** MATERIAL SHOWN **
Segment Open
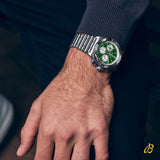 Breitling Chronomat B01 42 Six Nations Ireland Green Dial Silver Steel Strap Watch for Men - AB0134A91L1A1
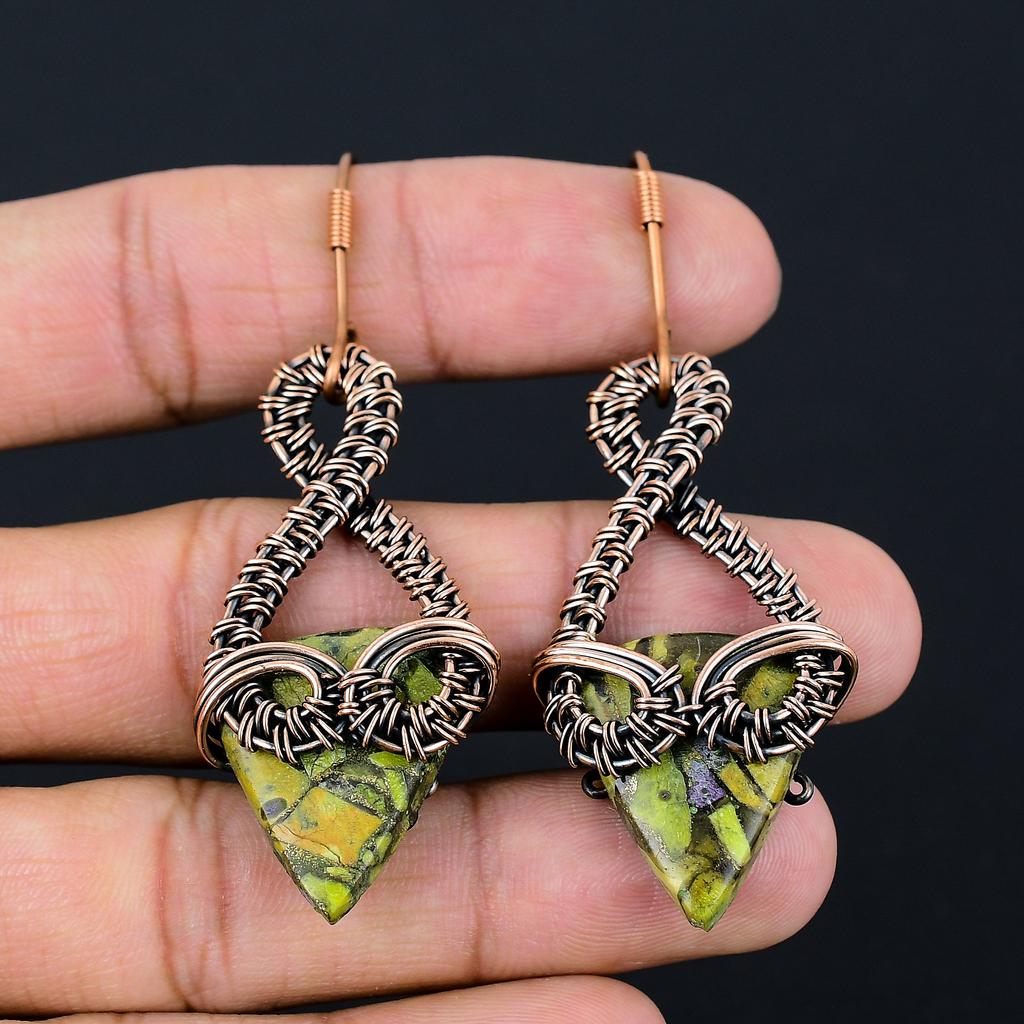 Copper Green Turquoise Handmade Copper Wire Wrap Earring 2.72 R6f53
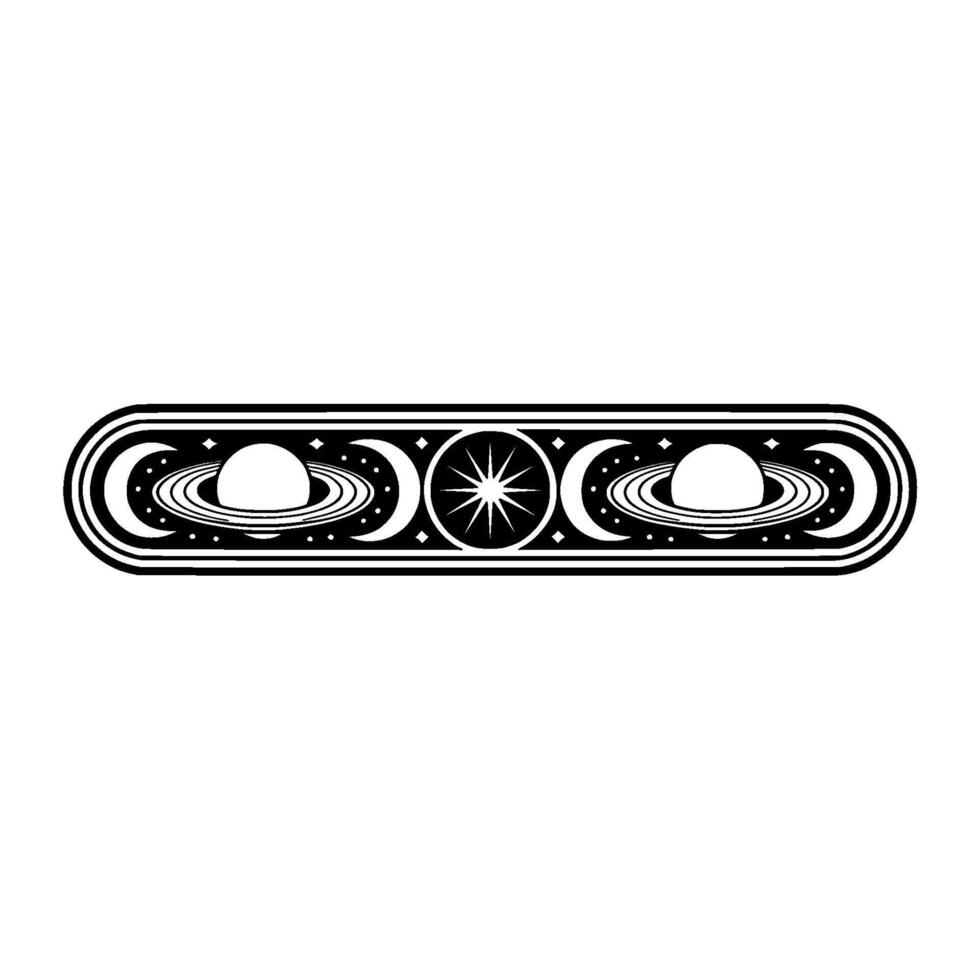 Celestial Lineage Retro Moon Planet Illustration vector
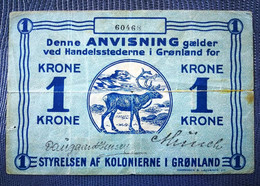 Only 1 You'll Find! ️ Greenland / Grønland 1 Krone 1913 P-13  State Note - Grönland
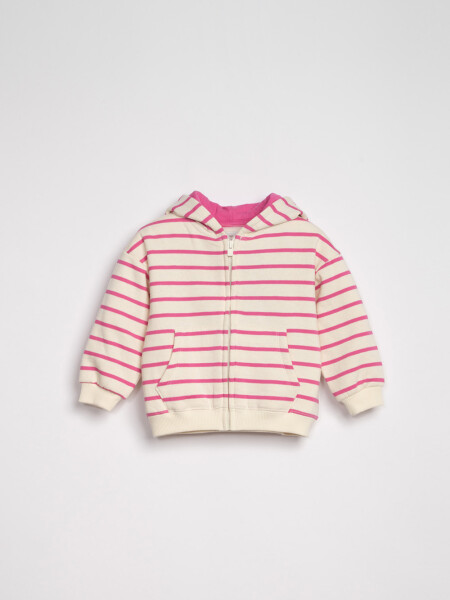 Campera Deportiva Estampa Rayas Fucsia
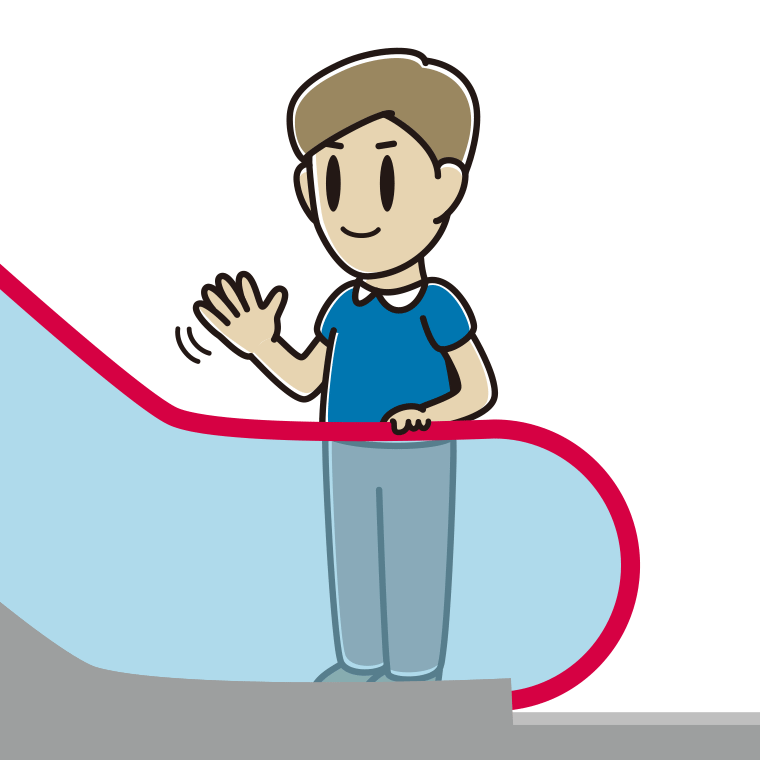 エスカレーターで手を振る男性のイラスト【色あり、背景なし】透過PNG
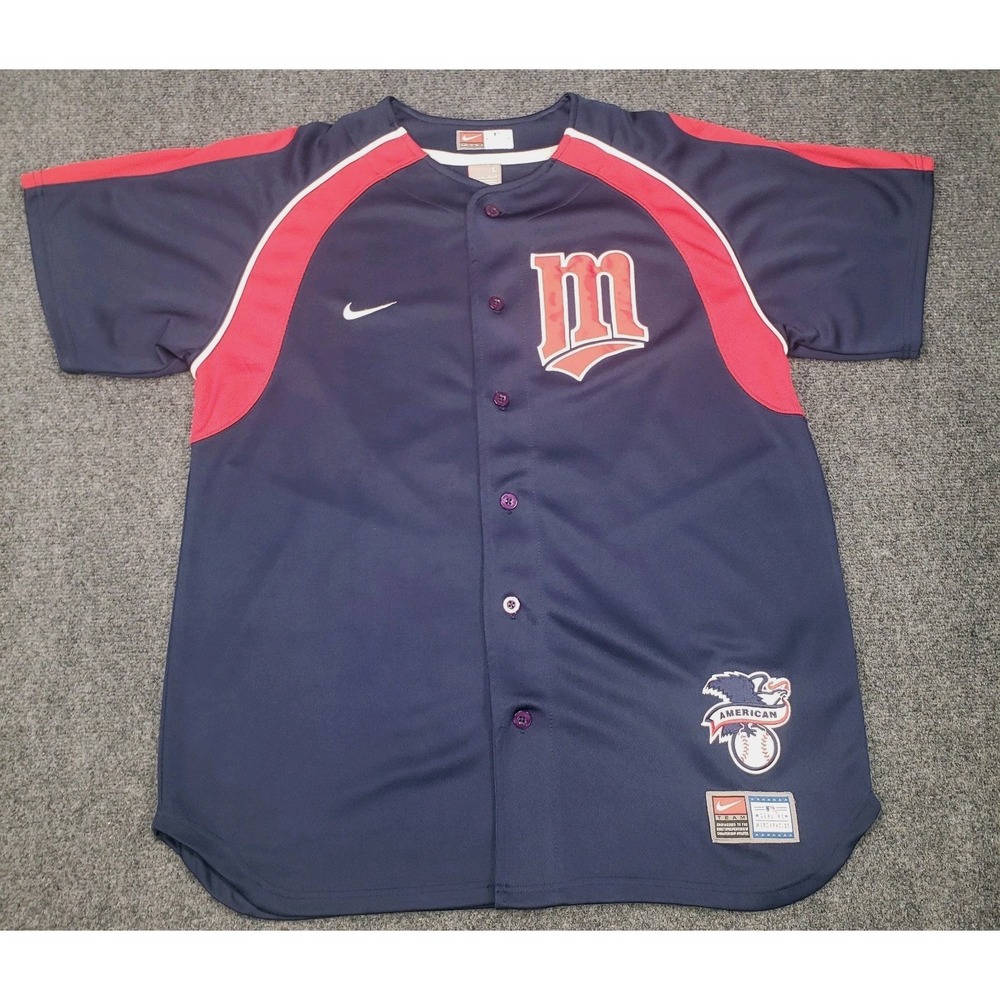 Nike Minnesota‎ Twins Shirt Mens Large Navy Button Up Dri Fit Baseball Jersey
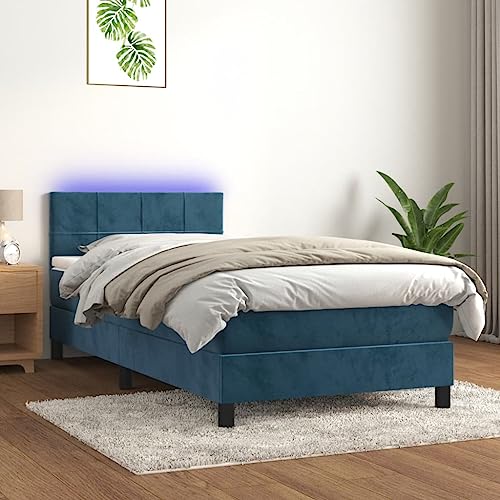 Refined Boxspringbett mit Matratze & LED Dunkelblau 100x200 cm Samt von Refined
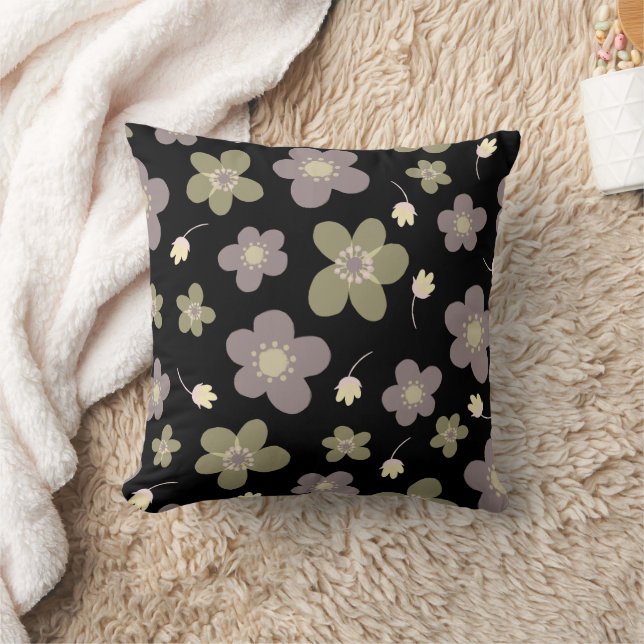 Lavendel & Olivgrün Buttercups auf schwarz Kissen (Decke)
Segment Closed
** WHAT IS EXPECTED **
Every line from the one with "Nike Minnesota‎ Twins" through the last line of the listing above must be written out exactly, and no picture may appear.

** SOLUTION **
 Nike Minnesota‎ Twins Shirt Mens Large Navy Button Up Dri Fit Baseball Jersey
 Refined Boxspringbett mit Matratze & LED Dunkelblau 100x200 cm Samt von Refined
 Lavendel & Olivgrün Buttercups auf schwarz Kissen (Decke)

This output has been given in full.